Hombre con gafas y gorra fumando en la penumbra
Foto por Neil Moralee
En mi casa no hay cucarachas. Y si para su desgracia, con alguna me encontré en cierta ocasión, no tardé en darle caza y finiquitar sus planteamientos más existenciales. Pobre... No le di tregua ni siquiera para un breve funeral. Bajé luego a comprar veneno en la tienda de los chinos, por si acaso alguno de sus parientes cercanos tenía la feliz idea de adentrarse en mis dominios. No sé por qué, aborrecemos tanto a estos aminalejos de inquietas antenas y pendoneo nocturno. Será, supongo, porque no podemos evitar que nos repela sobremanera su fealdad.

Por el contrario, no es extraño que me cruce, por el pasillo o las habitaciones, con alguna araña de vez en cuando. Desconozco por qué consideran mi hogar un lugar interesante para venirse a vivir, como si esto fuera su particular Benidorm. Será por la adustez de cementerio que se respira en mi casa, y mi carácter un tanto solitario y yermo. Pese a mi esquiva manera de ser, tarde o temprano acabo sorprendiendo a alguna araña asomando su cabecita desde un hoyuelo de la pared, o esperando pacientemente, junto a su telar acumula-polvo, la llegada de una mosquita distraída que le ayude a salvar el fin de mes. Sin embargo, suelo ser indulgente con esa incorregible actitud que tienen las arañas de tejer telas por todas partes. Empatizo con ellas, que diría un psicólogo buenrrollista, aunque, eso sí, intento siempre atraparlas. Las hostigo y transporto con un folio o bolígrafo hasta la terraza trasera de mi casa, para liberarlas después por la ventana, la que da al patio particular de los vecinos de abajo. Aunque el patio está techado, igual las arañas encuentran un hueco para colarse en casa de los vecinos. Elimino así mi problema, vaya, aunque se lo transfiero a ellos. Pero como esto no es más que una posibilidad, puedo conciliar el sueño sin demasiados sobresaltos.

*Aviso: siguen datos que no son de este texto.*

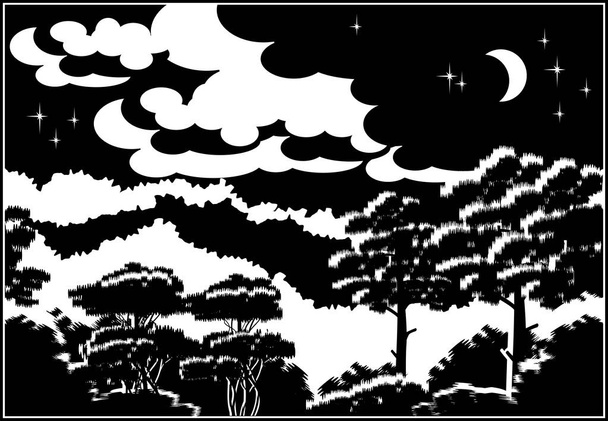 Wald bei Nacht - Vektor, Bild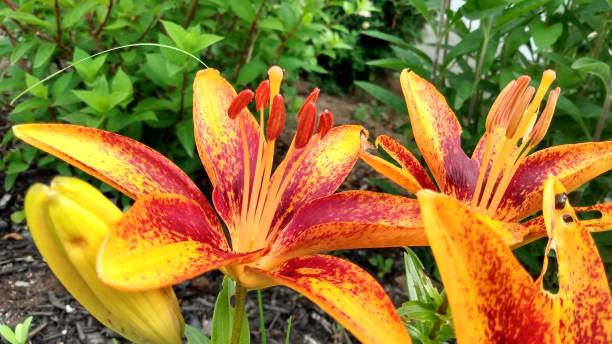 Beautiful Orange Lily Flower stock photo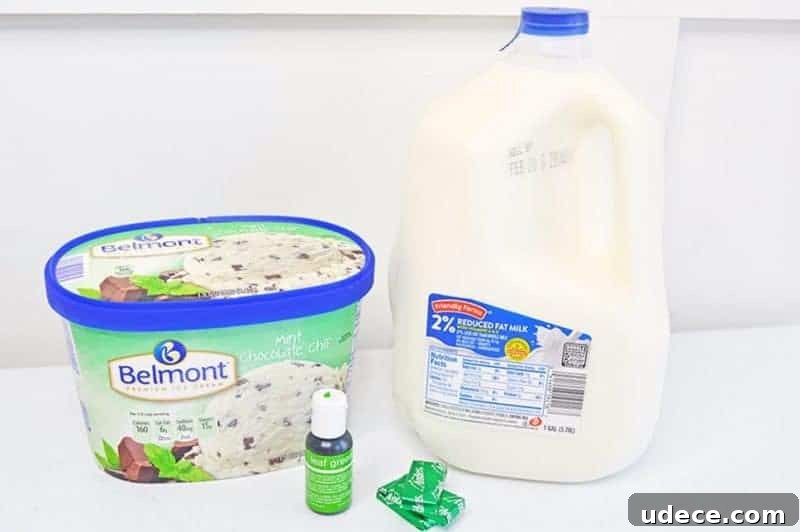 Shamrock Shake Recipe: Refreshing Minty Milkshake for St. Patrick’s Day 4 Half gallon of mint chocolate chip ice cream, gallon of 2% milk, leaf green food coloring, and 3 Andes Mint candies on countertop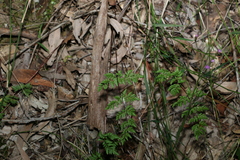 Cheilanthes sieberi sieberi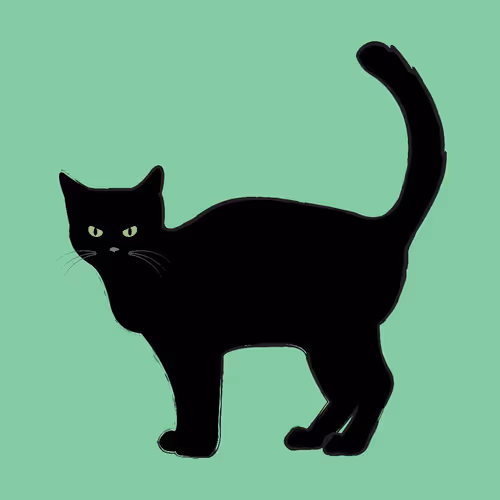 Item #80696249436055394954019709408245790600989906871501541659178239251696563781633 Media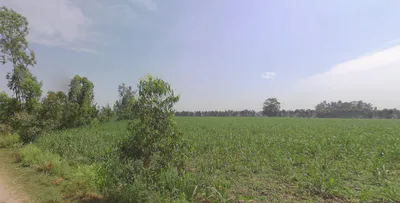 Rampur, Uttar Pradesh, India preview 2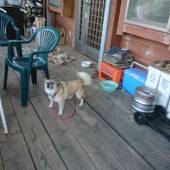 ペンション・喫茶　南の楽園（沖縄県 民宿） / 3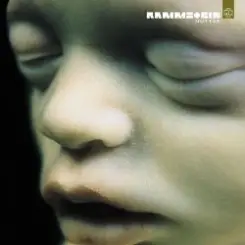 Rammstein - Asche Zu Asche слушать онлайн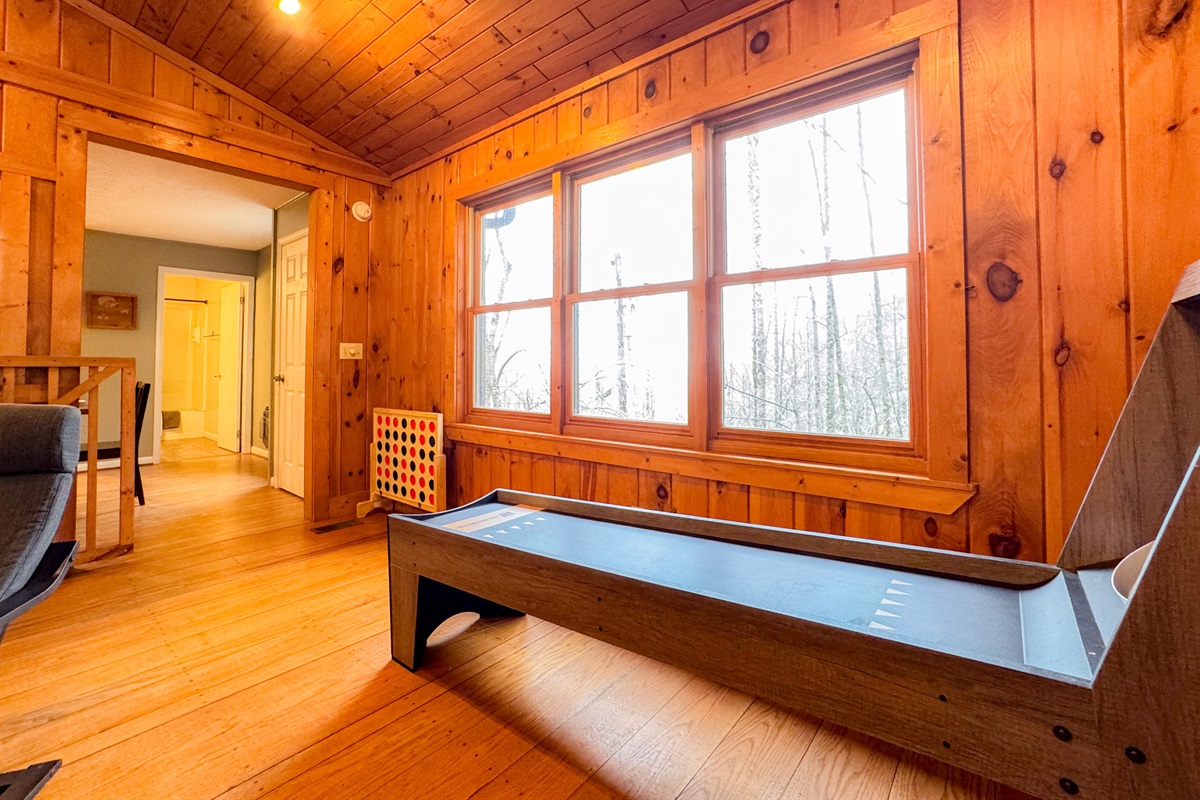 ski-ball overlooking the Smoky Mountains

A quienes no les perdono ni una es a los mosquitos. Temo su picadura como a la peste, no sea que me vayan a contagiar el dengue o la fiebre amarilla. No será para tanto, alguien me dirá, pero su picadura siempre resulta un incordio. En verano, si tengo la luz encendida no dejo un resquicio abierto de ventana, por más que el calor me tenga todo ensopado. Extraña actitud que dice mucho de mí, ese obstinado empeño mío para sortear las picaduras de los mosquitos. Si sorprendo alguno sobre la pared, me saco la zapatilla y arremeto contra él, a sabiendas de que su despanzurrado cadáver dejará una minúscula e indeleble huella sobre la pared y mi conciencia...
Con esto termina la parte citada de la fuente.